_Data in this exercise_:
━━━━━━━━━━

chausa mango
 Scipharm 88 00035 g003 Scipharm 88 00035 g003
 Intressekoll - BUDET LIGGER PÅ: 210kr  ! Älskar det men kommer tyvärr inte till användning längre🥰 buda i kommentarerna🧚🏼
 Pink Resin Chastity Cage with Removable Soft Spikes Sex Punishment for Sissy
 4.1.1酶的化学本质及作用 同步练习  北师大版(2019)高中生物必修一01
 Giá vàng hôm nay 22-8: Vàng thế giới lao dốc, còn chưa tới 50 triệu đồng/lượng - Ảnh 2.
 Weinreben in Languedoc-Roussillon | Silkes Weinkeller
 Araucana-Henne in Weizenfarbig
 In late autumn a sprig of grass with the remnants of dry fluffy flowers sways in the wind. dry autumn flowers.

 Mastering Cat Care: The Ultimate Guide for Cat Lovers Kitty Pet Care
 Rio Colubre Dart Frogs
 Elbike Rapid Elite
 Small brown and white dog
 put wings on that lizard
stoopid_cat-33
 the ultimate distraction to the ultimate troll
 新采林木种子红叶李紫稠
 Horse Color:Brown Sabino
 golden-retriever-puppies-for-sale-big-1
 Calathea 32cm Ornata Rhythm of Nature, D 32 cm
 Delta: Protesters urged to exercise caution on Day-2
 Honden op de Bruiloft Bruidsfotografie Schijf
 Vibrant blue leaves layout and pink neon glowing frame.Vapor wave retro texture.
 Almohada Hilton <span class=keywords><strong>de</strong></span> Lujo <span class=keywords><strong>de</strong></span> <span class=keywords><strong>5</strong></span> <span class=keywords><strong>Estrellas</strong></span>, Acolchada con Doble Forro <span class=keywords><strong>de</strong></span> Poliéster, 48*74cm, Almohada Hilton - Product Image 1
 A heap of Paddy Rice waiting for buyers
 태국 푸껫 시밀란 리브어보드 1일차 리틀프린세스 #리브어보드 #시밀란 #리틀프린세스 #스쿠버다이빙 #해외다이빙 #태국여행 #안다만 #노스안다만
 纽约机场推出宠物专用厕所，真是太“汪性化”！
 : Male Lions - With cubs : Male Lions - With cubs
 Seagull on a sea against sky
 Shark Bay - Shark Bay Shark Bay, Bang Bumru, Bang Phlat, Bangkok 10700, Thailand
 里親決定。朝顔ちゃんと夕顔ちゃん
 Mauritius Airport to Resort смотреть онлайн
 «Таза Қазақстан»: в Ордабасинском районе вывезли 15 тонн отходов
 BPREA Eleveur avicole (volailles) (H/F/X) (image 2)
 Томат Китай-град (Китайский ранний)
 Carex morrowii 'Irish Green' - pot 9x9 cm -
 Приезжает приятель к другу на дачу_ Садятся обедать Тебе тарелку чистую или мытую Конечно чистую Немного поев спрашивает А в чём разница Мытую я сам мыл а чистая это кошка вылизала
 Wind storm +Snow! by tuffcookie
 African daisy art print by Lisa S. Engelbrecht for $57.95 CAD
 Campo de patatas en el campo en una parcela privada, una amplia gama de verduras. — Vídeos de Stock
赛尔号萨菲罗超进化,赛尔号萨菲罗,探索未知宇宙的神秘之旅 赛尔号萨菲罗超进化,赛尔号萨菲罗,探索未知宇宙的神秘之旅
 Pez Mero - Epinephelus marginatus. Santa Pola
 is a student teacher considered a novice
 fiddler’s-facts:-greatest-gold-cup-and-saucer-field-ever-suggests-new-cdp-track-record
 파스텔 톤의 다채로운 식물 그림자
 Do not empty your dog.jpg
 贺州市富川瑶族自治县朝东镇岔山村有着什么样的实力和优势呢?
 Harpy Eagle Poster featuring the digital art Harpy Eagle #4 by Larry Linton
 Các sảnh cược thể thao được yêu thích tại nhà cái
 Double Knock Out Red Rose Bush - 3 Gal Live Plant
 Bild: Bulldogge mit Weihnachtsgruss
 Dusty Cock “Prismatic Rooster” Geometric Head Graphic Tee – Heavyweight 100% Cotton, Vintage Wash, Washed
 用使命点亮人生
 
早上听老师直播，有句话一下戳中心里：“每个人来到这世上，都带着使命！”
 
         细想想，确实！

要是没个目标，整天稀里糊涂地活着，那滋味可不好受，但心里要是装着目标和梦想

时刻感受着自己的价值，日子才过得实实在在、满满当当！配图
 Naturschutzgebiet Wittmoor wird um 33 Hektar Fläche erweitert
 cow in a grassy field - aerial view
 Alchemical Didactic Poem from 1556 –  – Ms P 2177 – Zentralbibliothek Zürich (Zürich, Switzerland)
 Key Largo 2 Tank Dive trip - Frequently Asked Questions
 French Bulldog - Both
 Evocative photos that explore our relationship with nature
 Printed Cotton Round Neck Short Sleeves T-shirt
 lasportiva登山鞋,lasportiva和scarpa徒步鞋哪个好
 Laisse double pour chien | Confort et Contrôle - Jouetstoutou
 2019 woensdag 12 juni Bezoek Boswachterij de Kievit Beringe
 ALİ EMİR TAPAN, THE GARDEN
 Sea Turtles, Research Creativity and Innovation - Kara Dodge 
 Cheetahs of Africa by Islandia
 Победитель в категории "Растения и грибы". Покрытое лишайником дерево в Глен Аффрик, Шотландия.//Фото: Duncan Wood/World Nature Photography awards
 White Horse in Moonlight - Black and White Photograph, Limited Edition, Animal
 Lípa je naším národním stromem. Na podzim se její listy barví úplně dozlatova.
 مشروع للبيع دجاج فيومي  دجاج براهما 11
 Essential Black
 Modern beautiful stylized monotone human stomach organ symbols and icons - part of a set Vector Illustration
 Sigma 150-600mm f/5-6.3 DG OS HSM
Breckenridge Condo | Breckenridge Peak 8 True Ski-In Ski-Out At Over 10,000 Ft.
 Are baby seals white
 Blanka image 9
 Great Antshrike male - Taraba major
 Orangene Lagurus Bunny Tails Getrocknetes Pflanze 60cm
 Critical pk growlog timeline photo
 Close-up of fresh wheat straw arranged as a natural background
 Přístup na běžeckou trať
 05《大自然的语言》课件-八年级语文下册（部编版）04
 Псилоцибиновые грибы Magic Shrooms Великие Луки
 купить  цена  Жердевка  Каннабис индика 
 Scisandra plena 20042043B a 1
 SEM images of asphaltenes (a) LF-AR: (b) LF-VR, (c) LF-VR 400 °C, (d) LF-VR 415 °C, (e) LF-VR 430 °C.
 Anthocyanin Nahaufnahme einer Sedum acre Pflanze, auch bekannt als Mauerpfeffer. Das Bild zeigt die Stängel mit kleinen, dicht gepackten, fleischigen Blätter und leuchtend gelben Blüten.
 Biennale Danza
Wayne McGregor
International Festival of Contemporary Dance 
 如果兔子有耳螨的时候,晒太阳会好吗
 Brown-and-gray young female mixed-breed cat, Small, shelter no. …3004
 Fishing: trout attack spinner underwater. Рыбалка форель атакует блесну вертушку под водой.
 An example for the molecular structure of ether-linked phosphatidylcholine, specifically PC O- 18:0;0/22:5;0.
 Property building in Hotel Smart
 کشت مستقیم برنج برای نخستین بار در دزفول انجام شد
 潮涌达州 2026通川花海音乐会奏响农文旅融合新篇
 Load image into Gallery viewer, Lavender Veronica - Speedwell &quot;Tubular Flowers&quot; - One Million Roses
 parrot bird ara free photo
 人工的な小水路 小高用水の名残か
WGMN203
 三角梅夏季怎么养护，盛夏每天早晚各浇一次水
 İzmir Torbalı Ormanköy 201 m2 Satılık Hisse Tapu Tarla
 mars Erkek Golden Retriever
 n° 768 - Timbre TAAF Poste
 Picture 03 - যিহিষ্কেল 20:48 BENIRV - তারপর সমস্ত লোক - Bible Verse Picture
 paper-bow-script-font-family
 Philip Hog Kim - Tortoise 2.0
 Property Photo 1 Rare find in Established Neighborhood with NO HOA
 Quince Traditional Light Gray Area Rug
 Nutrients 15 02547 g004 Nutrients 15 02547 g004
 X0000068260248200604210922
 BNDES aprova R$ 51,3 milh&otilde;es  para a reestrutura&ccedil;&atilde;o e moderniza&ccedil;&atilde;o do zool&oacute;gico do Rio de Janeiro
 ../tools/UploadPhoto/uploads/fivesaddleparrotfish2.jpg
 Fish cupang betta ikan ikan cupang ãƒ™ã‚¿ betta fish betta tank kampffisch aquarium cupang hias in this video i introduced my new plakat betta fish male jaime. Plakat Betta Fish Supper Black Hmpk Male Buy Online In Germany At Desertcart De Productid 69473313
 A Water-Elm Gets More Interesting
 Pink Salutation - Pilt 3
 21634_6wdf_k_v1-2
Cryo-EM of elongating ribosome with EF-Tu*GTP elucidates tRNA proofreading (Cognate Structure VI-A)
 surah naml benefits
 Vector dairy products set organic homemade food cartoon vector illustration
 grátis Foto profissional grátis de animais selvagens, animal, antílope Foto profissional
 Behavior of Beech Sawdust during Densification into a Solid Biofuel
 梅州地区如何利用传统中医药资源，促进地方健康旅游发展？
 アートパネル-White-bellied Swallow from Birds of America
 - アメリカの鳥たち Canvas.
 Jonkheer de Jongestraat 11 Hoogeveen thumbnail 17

━━━━━━━━━━

_Work item_:
Working through the records, find each line containing the word "that" and copy it.

_Output of the exercise_:
 put wings on that lizard
 Evocative photos that explore our relationship with nature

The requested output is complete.